When word reached Fort Worden and the town that Pearl Harbor in Honolulu, Hawaii had been attacked by Japan and that a state of war existed, it was a much different reaction than when the country went to war a short twenty-four years earlier. The surprise attack in the Pacific put this world war much closer to home than the previous one. In 1917, when the U.S. went to war in Europe, the fort and community felt time and distance were on their side. In 1941, there was a strong sense the enemy was already inside the nation’s defensive perimeter.
“There is a good chance Bremerton will be attacked tonight,” declared Brigadier General James H. Cunningham, harbor defenses commander. He was speaking the night after the Pearl Harbor bombing to civil defense volunteers at the fire hall (now the Jefferson County Art & History Museum).
The grim message from the Fort’s commanding officer galvanized the town to action. A community wide blackout was immediately put into place and rigidly enforced. All military personnel were confined to the post, Fort Worden pulled back from the community and went on high alert closing public access and restricting all outbound communications. This included the fort’s weekly publication, the “Salvo,” issuing its last edition on December 19, 1941.
Interestingly, the hard separation between the fort and town came just as the community was preparing to dedicate the new USO Building at the corner of Water and Monroe streets (now the American Legion, Marvin Shields Memorial Post 26). Later in the war, the USO Hall would be a popular dance hangout for troops and townies. In the meantime, the fort expanded its on-site recreational services. Interviewed in 2004, Russell C. Weber of Sequim, a Fort Worden WWII veteran, reminisced, “When we first moved here, we were in pyramid tents at the south end of the parade ground right next to the bowling alley. We had a good time listening to the pins crash while we were trying to sleep.”
Just up from the bowling alley was the newly constructed PX (Post Exchange). Half the 100 foot by 40 foot building housed the PX, restaurant, and soda fountain, and the other half served as the general store. The soda fountain boasted of an eighty foot long “L” shaped counter that could seat 38 patrons. A hobby shop and library were also added and staffed to provide the increasing number of new arrivals with off duty activities available within the confines of the fort.

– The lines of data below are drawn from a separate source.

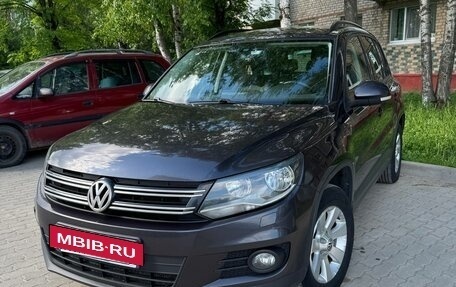 Volkswagen Tiguan I, 2015 год, 1 200 000 рублей, 3 фотография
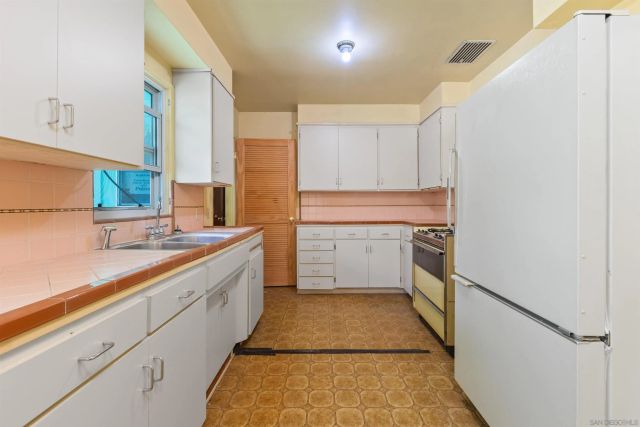 2439 Patterson Rd, Escondido, CA 92027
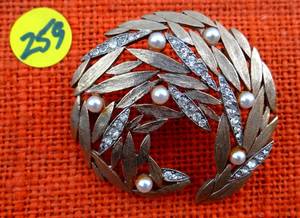 lot 259 image: VINTAGE GOLD TONED WITH GEMS BROACH PIN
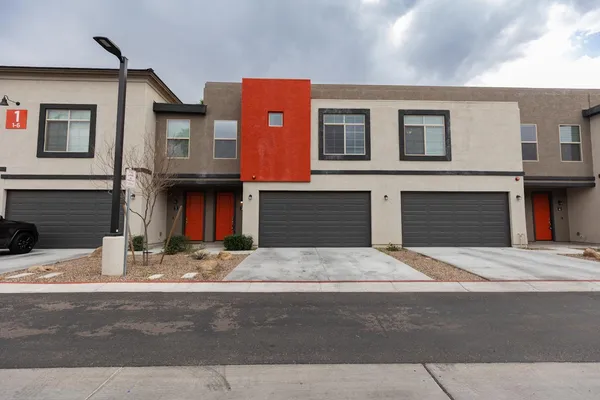 $2,395 | 2950 North 38th Street, Unit 14, Phoenix, AZ 85018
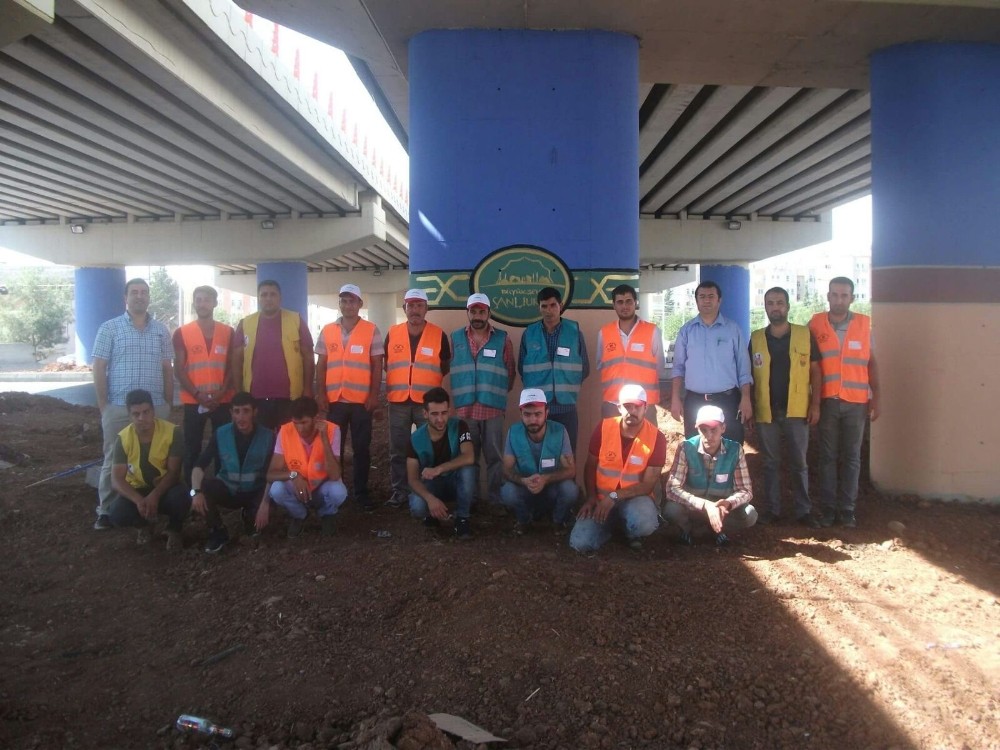 Denetimli serbestlik kursiyerleri üst geçit ayaklarını boyuyor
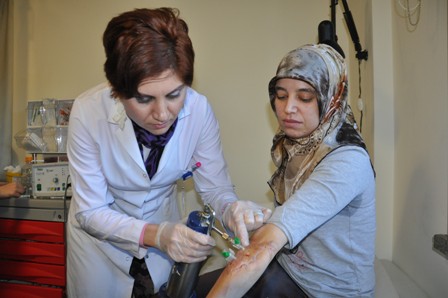 "Kolonya" sanarak döktüğü sıvı kolundan ediyordu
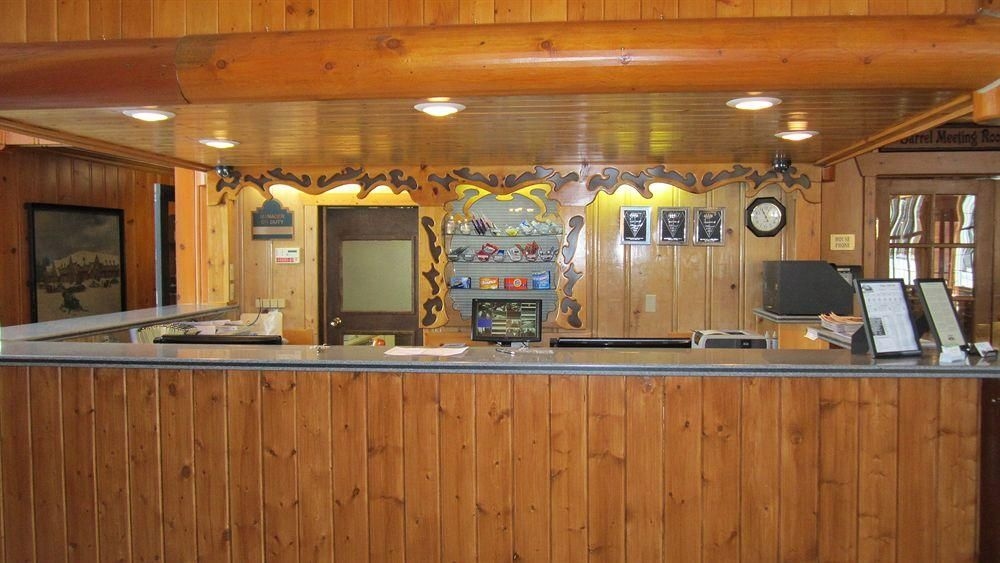 Stage Coach Inn3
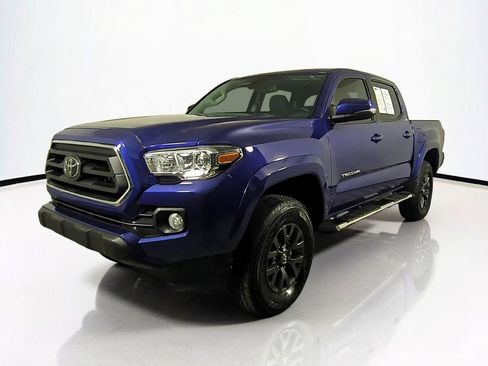 Used 2023 Toyota Tacoma SR5 w/ Technology Package AWD/4WD image 9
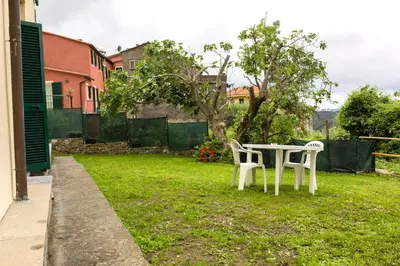 Giardino di Casa Vacanze Tra Le Mura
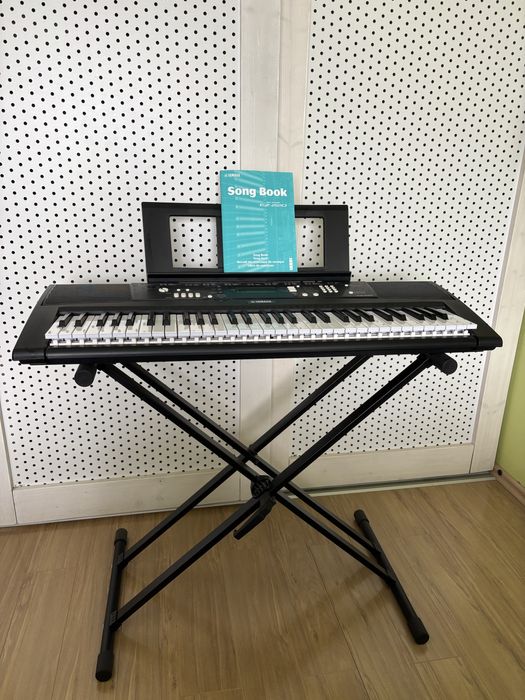 Vand orga Yamaha EZ 220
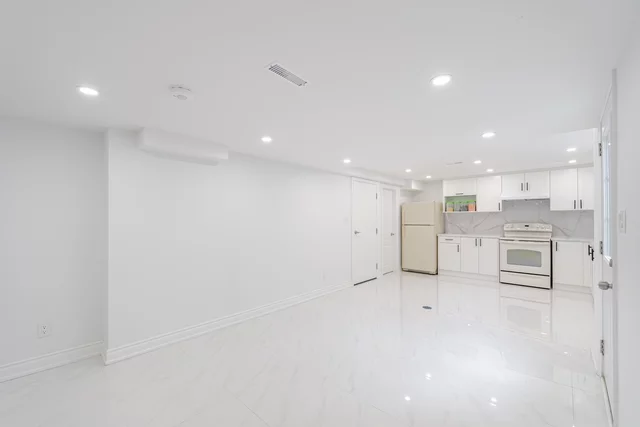694 Amaretto Avenue, Pickering - photo 39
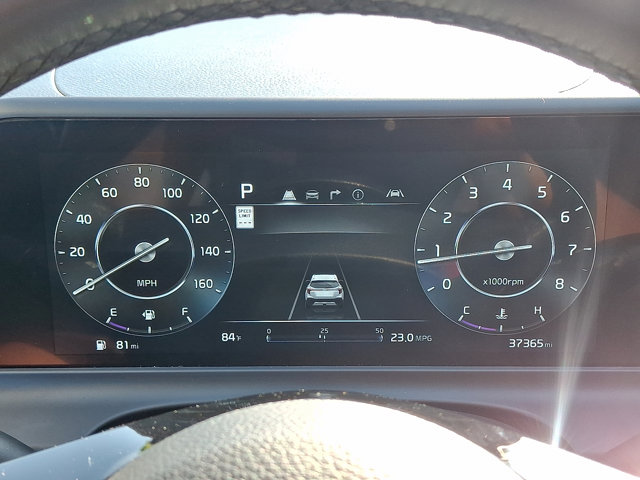 Vehicle image 25 of 31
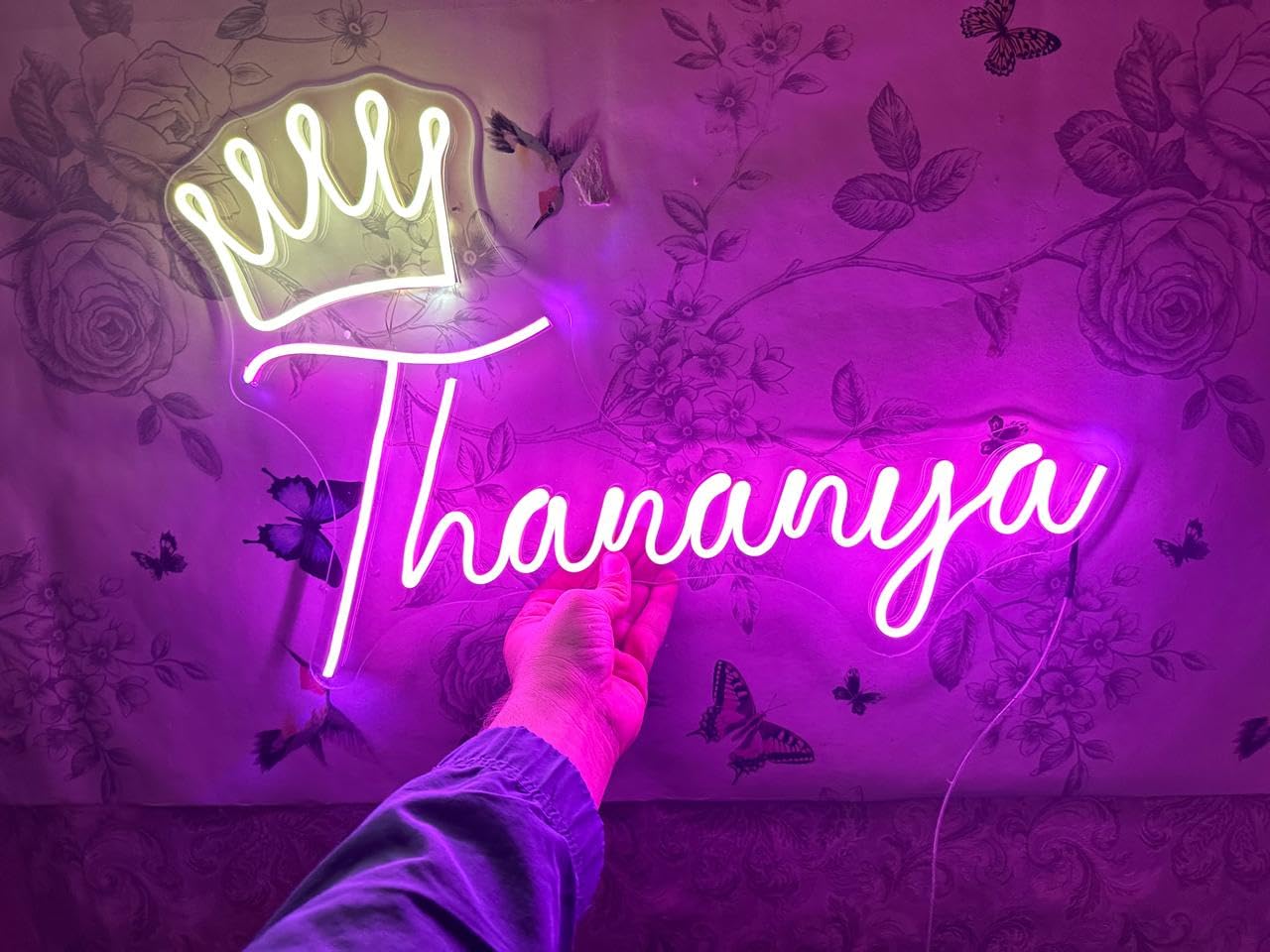 Custom LED Neon Sign | Personalized Wall Decor Light - Home, Living Room, Hotel, Business, Wedding, Party, Bar, Birthday Gift (1 Letter, 6x6 inches)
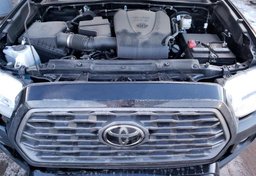 2022 Toyota Tacoma - Image 10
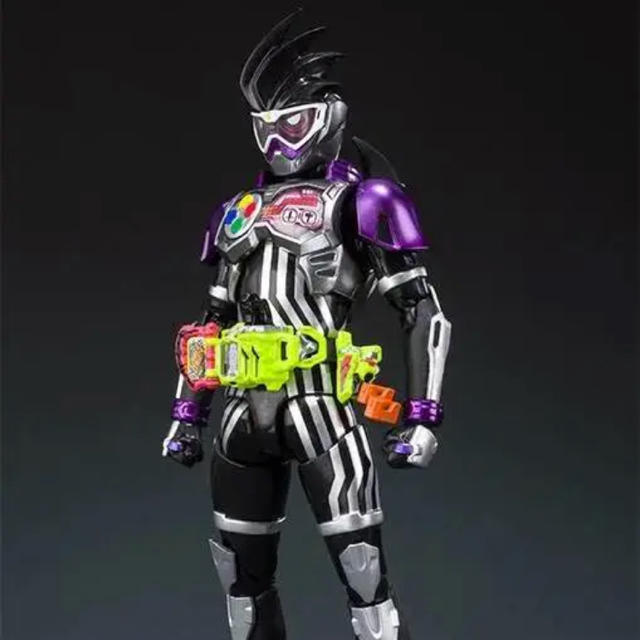 BANDAI(バンダイ)のS.H.Figuarts 仮面ライダーゲンム レベル0 エンタメ/ホビーのフィギュア(特撮)の商品写真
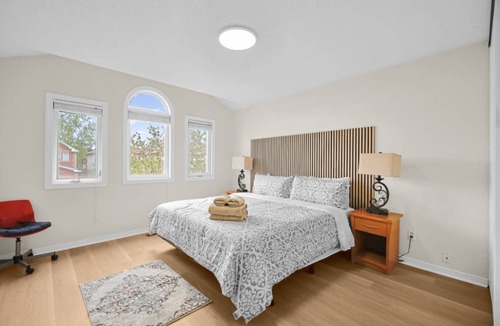 Whitby House | 139 m² House ∙ 3 bedrooms ∙ 6 guests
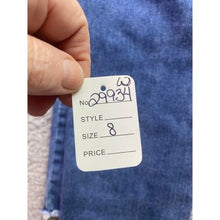 Load image into Gallery viewer, Billie Jeans Womens 8 Cropped Frayed Costal Beachy Outdoors Travel Streetwear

It would be six months before the initiative in the Pacific would shift from Japan to the U.S., reducing the fear of attack and allowing a relaxation of restrictions between the fort and the town. Today, Fort Worden is again a vital and accessible part of the Port Townsend and Jefferson County communities. Through the mission of the Public Development Authority (PDA), the fort continues to expand its welcome to nonprofit organizations, arts programs, campers, and visitors from around the country and the world. As a concrete and symbolic gesture of its welcoming and expansive nature, Fort Worden remains the only Washington State Park offering vehicle access to parking on the Fort’s campus without a Discover Pass, compliments of the PDA.